Thursday, January 12, 2012

I get a prize at the end

Three days in a row of posting! I must be spending a lot of time at home... I am. And the better part of yesterday was spent in the restroom. Sadly, I think I might've developed some new intolerances with this pregnancy, so no more dairy for me. Hopefully that will take care of it. Praying it does.

I wonder how I'll look back at these times five years from now. And I also wonder how I would've experienced all of this 5 years ago? This all seemed so impossible five years ago--pregnancy. You'd think I'd stop using that word altogether. It puts limits on the possibility for miracles, and God's mysterious ways. Kind of like this situation.

I've made some friends over the past few months. Things were a little more quiet in that department when we lived in Boston. Mostly, because I worked full time and wanted to spend any free moments with Jose. I have a slight fear of losing friends, especially during times when I'm spending more time at home sick than out and about. I hope they understand. Still, a playdate is scheduled for tomorrow morning at a nearby park. I'll be there, sick or not. Even if I can only stay for a few minutes, at least I tried. I've got to accept that, too. These are the friends I prayed for, after all. I've got to remember that.

So these are the thoughts that come up when I slow down. What do you think about when life forces you to let your daily routine go?

Wednesday, January 11, 2012

Growing up

It's amazing how much sleep can make a difference in your day. I went into bed at 8 last night and Jose put Mirabel to sleep. It took me awhile to actually fall asleep (wanted to talk to the husband), but it was nice to rest.

In spite of a tough night the previous evening, we tried to stay entertained at home yesterday. We haven't been too busy; I enjoy taking it easy these days. Thankfully, Mirabel is (fairly) easily entertained (or, when she wants to be :), so she had fun exploring the front and back yard. She grabbed her purse and cell phone and ventured out the door. Mirabel is becoming such a little woman. She has more of the little girl look than the baby look these days. Makes me sad :(. But I love how interactive she's become.

Sounds like I'm talking about a doll, but the things she does!
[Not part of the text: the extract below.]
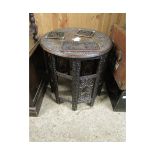 CIRCULAR CARVED TOP MOORISH TYPE TABLE WITH HEXAGONAL FOLDING BASE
For instance...

Yesterday morning, as I was getting ready, she insisted on wearing lip balm. I have a little container from The Body Shop that she LOVES to play with. So I gave her the lip balm. But then she saw the eye lash curler and tried using it on herself. She also enjoys rubbing lotion on her face... and she has a collection of purses. But if you enter our home with a new and bigger (and, of course, more exciting) purse, she will leave the ones she has behind and explore every nook and cranny of yours until she's completely emptied it out and tested out the lipsticks (to see if they're her shade, duh! ;).

So here she is on her outdoor exploration with her purse and leapfrog cell phone (great gift from grandma :).

See the cell phone and how she holds her purse? Her expression is hilarious. This is one of the few times she's actually let me put her hair up. :) She's admiring an airplane in the photo next to it.

This shot was taken right before she got mad at Elmo for not sitting in the chair the way she wanted him to. She didn't forget to apologize with a hug at the end, though. The photo next to it was taken before nap time. I think she's thinking about how to get Elmo to cooperate a little better. Maybe I'm just projecting... :D

Making a quick stop at the mail box. She wanted to test out the quality of her cell phone's reception by sticking it inside one of the boxes.

That concludes one of our mornings :).

Tuesday, January 10, 2012

Believe me, I just said another prayer...

I find myself thinking/saying a lot, "I can't do this" or, "Wow! I didn't think I could do this but I just did it."

That happens a lot in matters related to sleep and health, and parenting :). Sleep has been an on/off issue for awhile. We were doing great. Then all of a sudden the waking up 6-10 times a night started all over again. I'm not sure what to do any more. I've tried everything in an effort to get this kid to sleep better. This weekend, we are going to try something all over again. I need it to work.

Some days I'm so tired, I truly feel like collapsing. That's especially true this first trimester. Dealing with a sleepless toddler for 12 hours a day and a rush of pregnancy hormones is tough. But, God, you know what. I'm blessed. I HATE being negative, but I need to get this out. Please bear with me.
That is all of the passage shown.